__INSTRUCTIONS TO FOLLOW__. The entries below are to be repeated exactly, with the pictures left out.

__INFORMATION PROVIDED__.
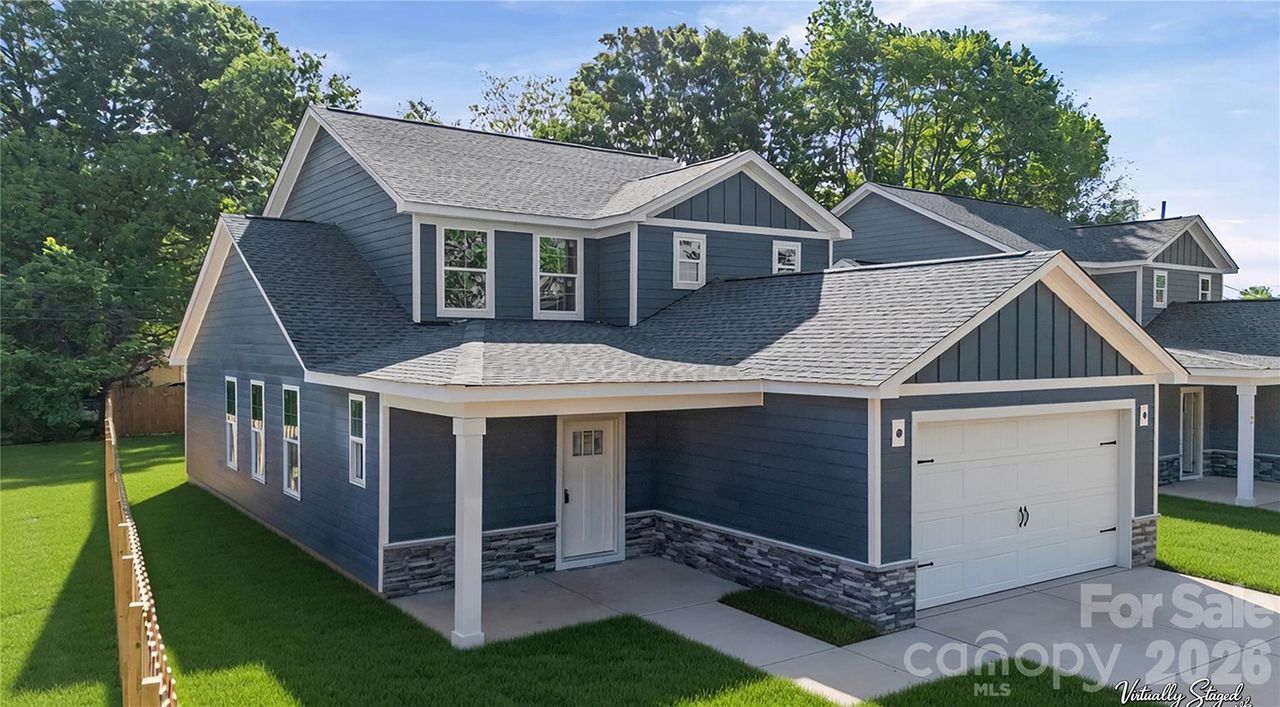 Front exterior of a new home in , Huntersville, NC, highlighting curb appeal (Image 2).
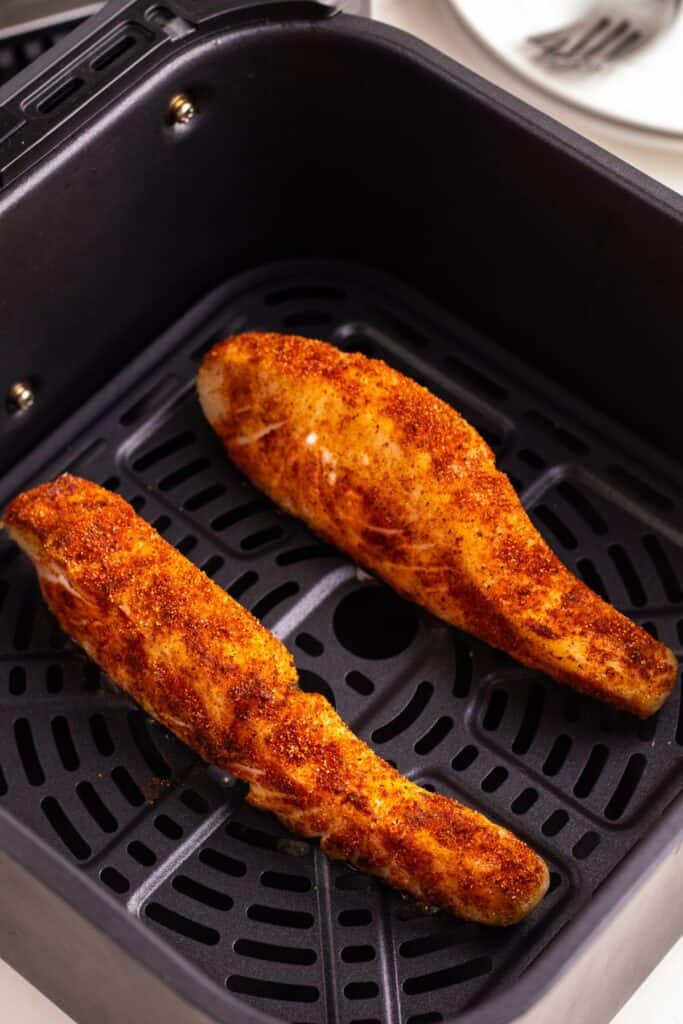 Close up of cooked halibut in an air fryer basket.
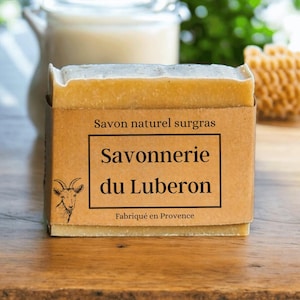 Könnte beinhalten: Eine Seife aus natürlichem, überfettetem Seifen mit einem braunen Papierlabel. Das Etikett lautet "Savon naturel surgras Savonnerie du Luberon Fabriqué en Provence".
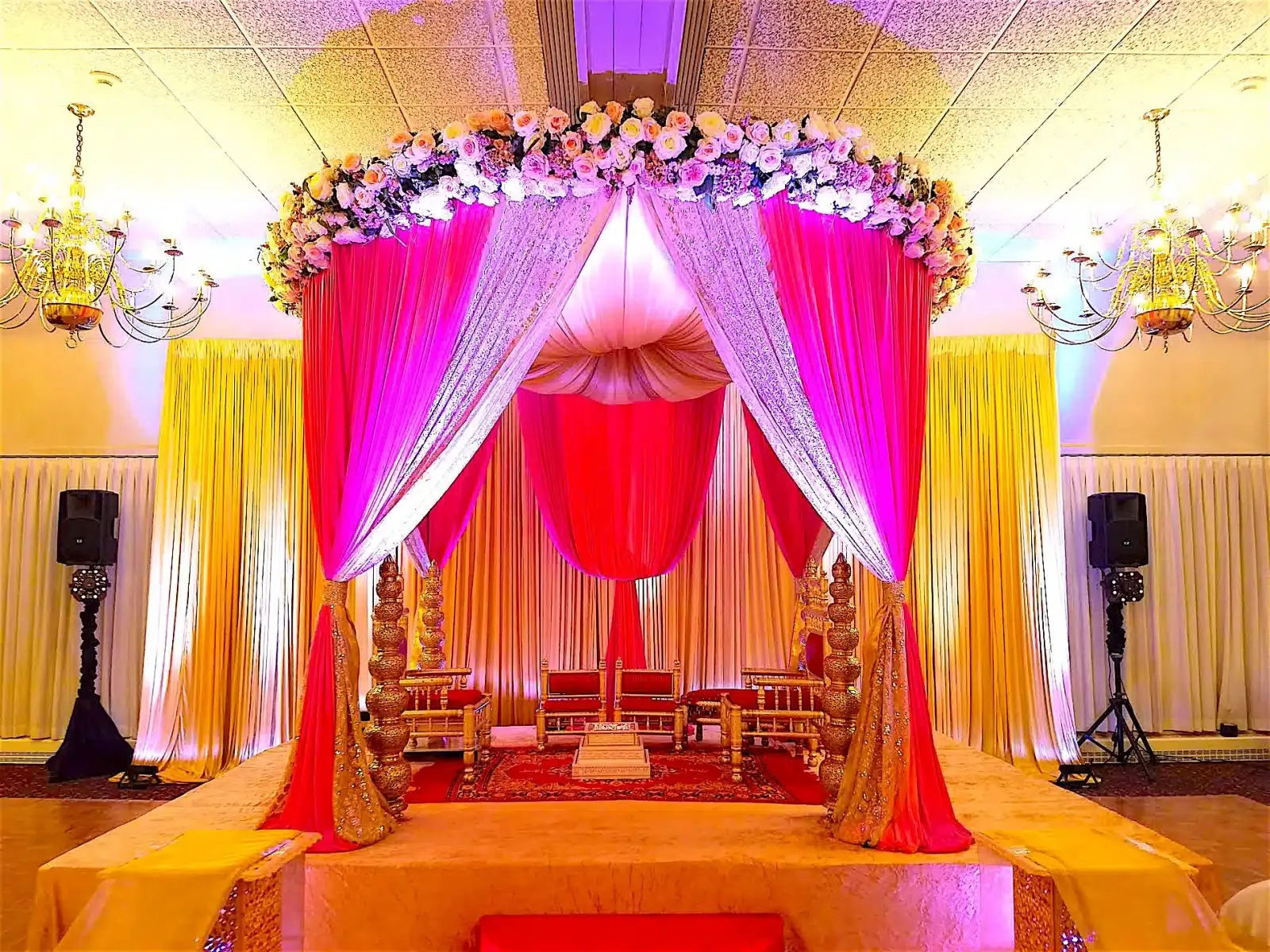 Fabric mandap with draped pillars for Indian wedding ceremony, Chicagoland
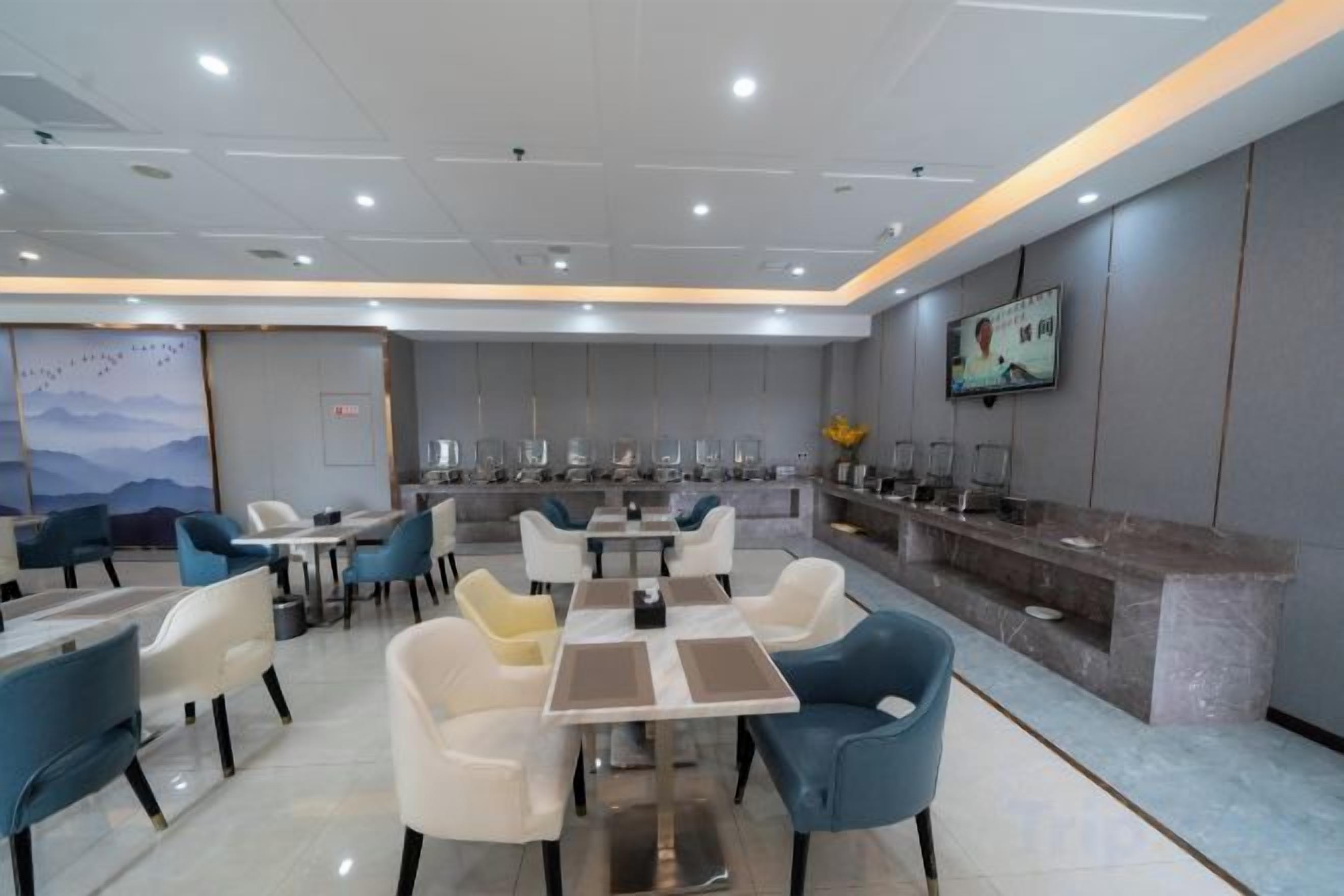 A modern dining area with tables and chairs, a counter with a display, and a wall-mounted television.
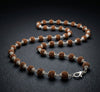Necklace with brown and silver beads on a dark background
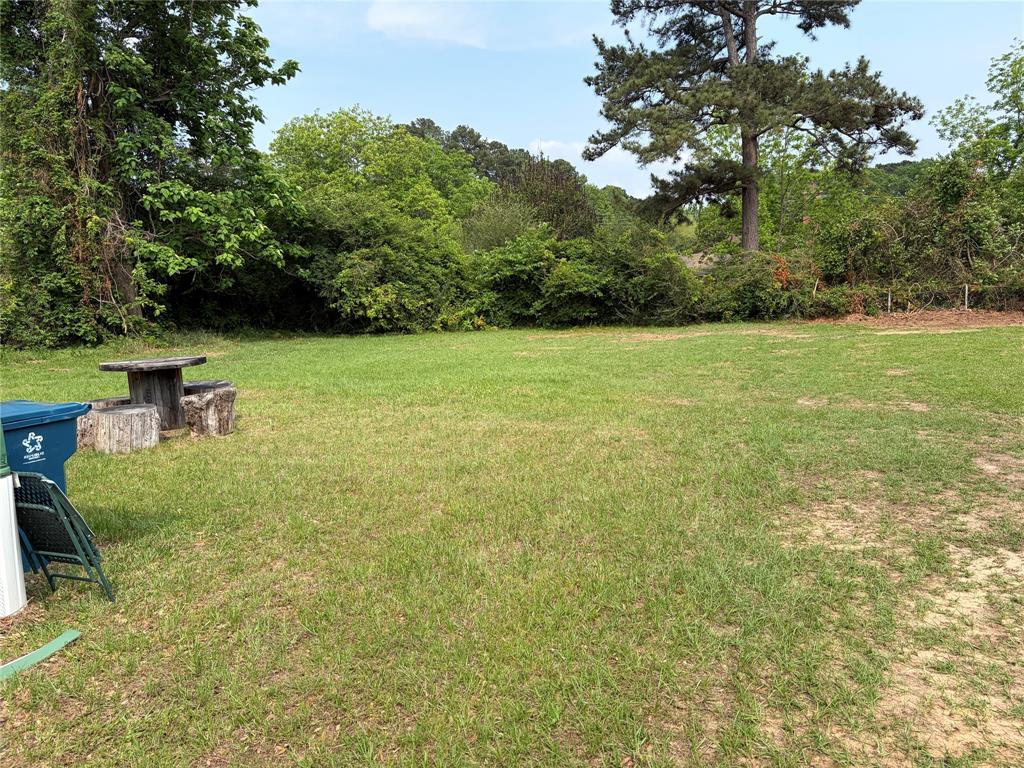 410 Patrick Street Minden, LA 71055 - Photo 4 of 9 Expansive grassy yard area with a rustic wood-plank picnic table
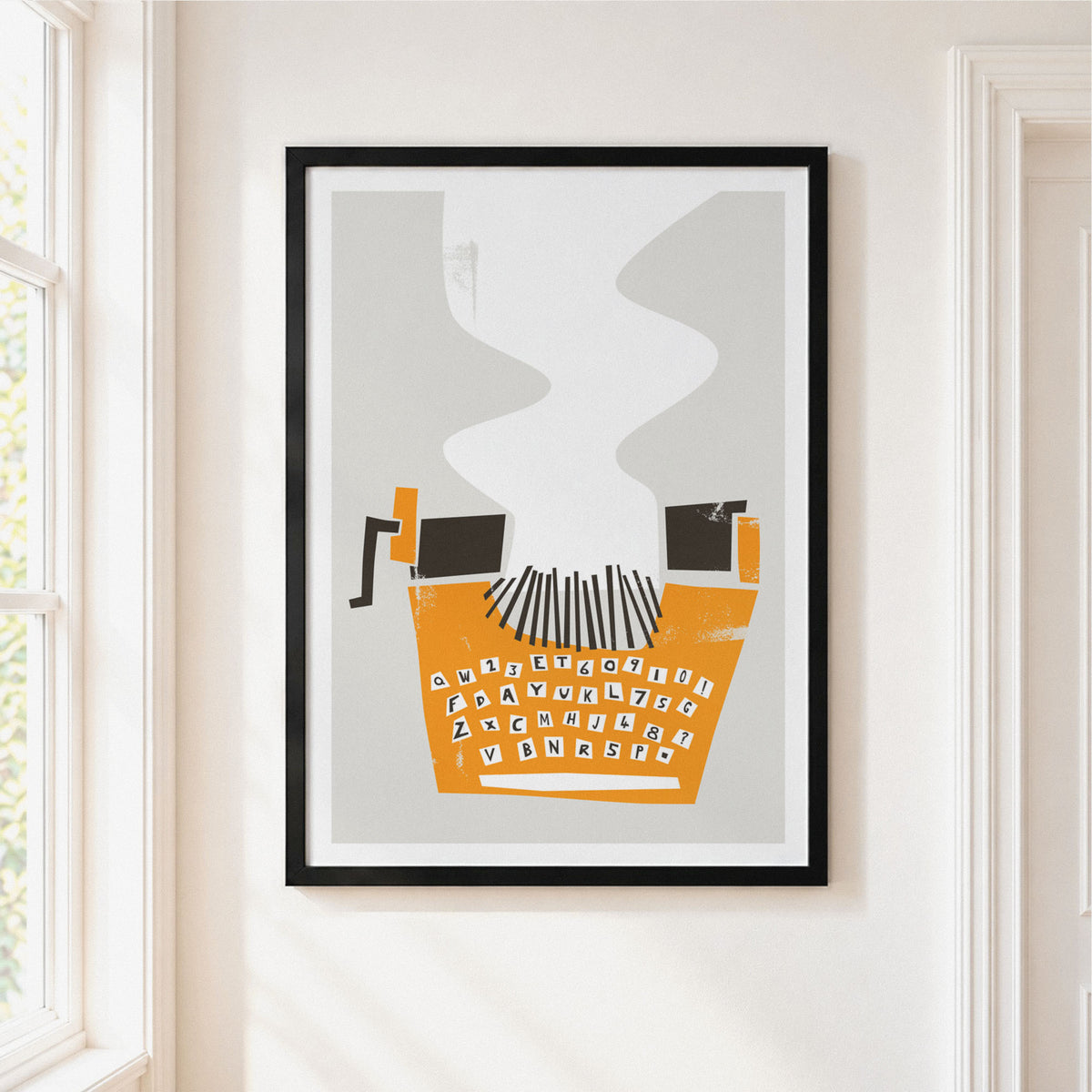 Framed minimalist typographic art print hanging on a white wall next to a window. The print features an orange computer keyboard with black keys and a black crank handle, with gray smoke-like wavy lines rising above it, all enclosed in a black frame.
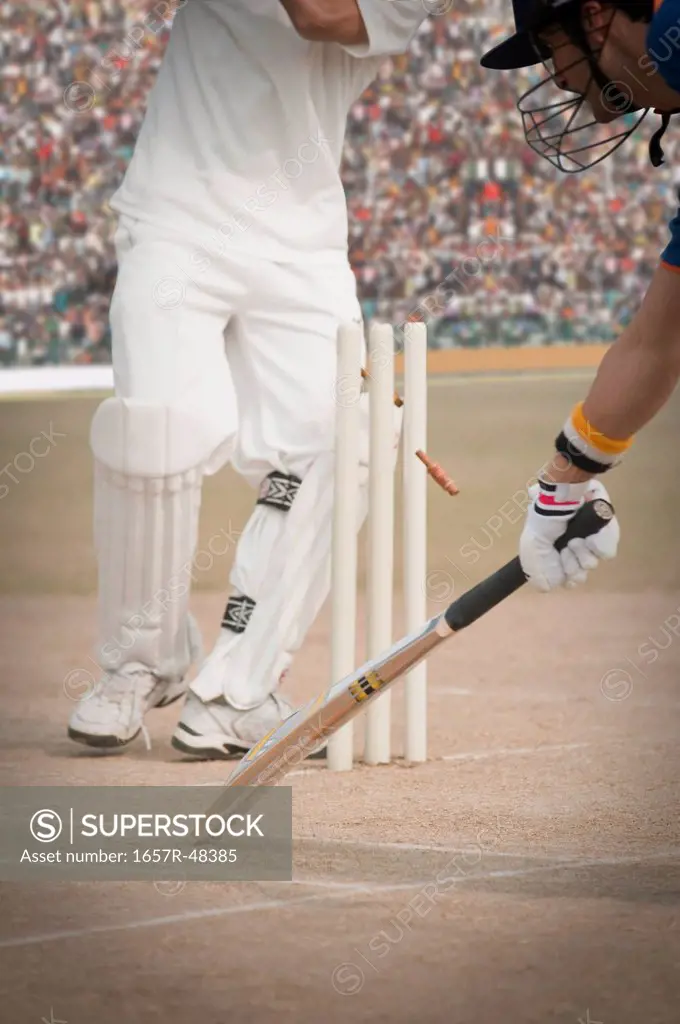 Cricket batsman scoring a run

__SOLVED EXERCISE__.
 Front exterior of a new home in , Huntersville, NC, highlighting curb appeal (Image 2).
 Close up of cooked halibut in an air fryer basket.
 Könnte beinhalten: Eine Seife aus natürlichem, überfettetem Seifen mit einem braunen Papierlabel. Das Etikett lautet "Savon naturel surgras Savonnerie du Luberon Fabriqué en Provence".
 Fabric mandap with draped pillars for Indian wedding ceremony, Chicagoland
 A modern dining area with tables and chairs, a counter with a display, and a wall-mounted television.
Necklace with brown and silver beads on a dark background
 410 Patrick Street Minden, LA 71055 - Photo 4 of 9 Expansive grassy yard area with a rustic wood-plank picnic table
 Framed minimalist typographic art print hanging on a white wall next to a window. The print features an orange computer keyboard with black keys and a black crank handle, with gray smoke-like wavy lines rising above it, all enclosed in a black frame.
 Cricket batsman scoring a run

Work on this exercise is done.